◆ Exercise requirements ◆
Use the entries below and reproduce exactly the lines from the one containing "Wild West Cacti Framed Wall Photograph" down to the one containing "45321D35 A1FF 44B3 B780 AC2D386451A9", both of them included.

◆ Data records ◆
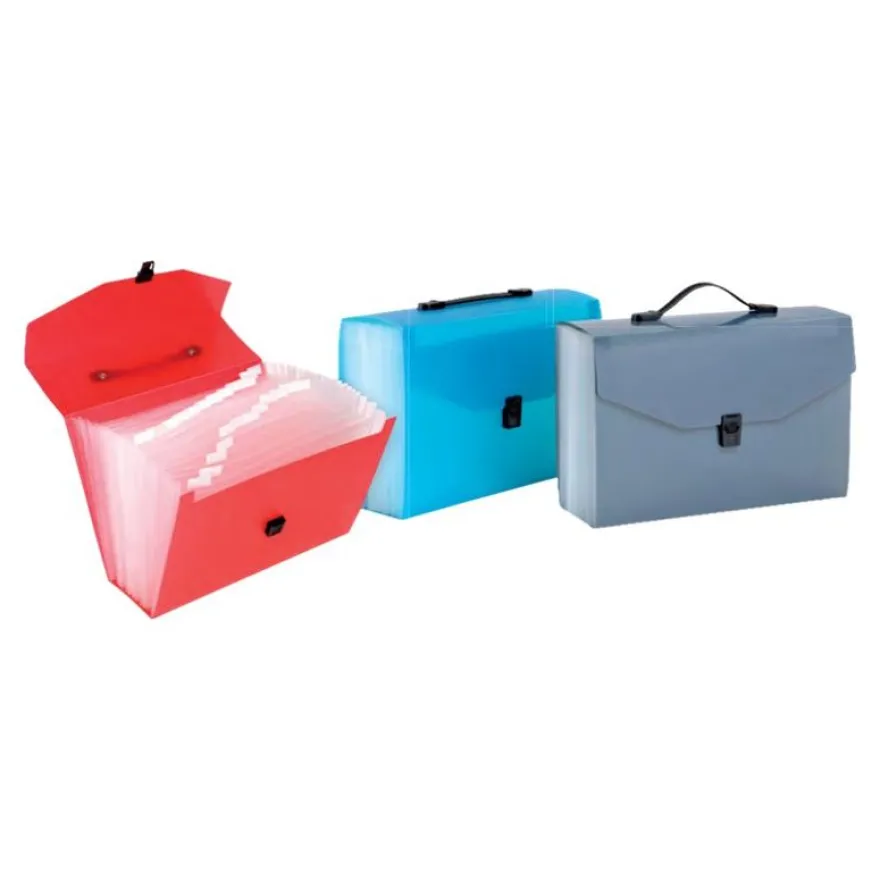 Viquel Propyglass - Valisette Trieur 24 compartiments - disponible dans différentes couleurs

* * *

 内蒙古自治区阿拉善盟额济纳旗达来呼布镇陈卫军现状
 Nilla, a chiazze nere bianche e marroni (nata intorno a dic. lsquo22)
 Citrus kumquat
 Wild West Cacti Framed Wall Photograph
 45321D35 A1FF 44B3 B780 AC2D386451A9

* * *

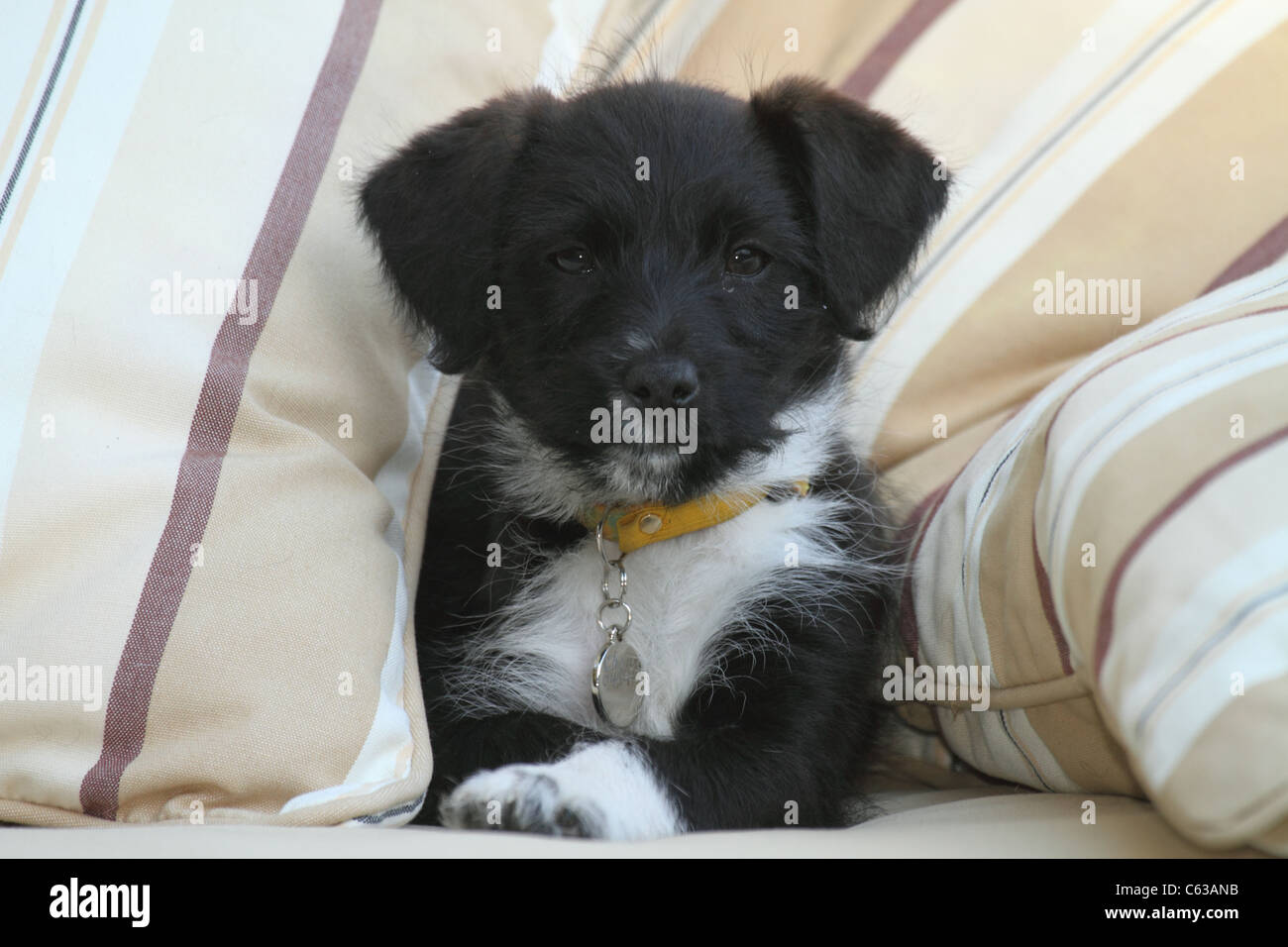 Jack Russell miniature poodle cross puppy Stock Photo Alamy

◆ Output of the exercise ◆
 Wild West Cacti Framed Wall Photograph
 45321D35 A1FF 44B3 B780 AC2D386451A9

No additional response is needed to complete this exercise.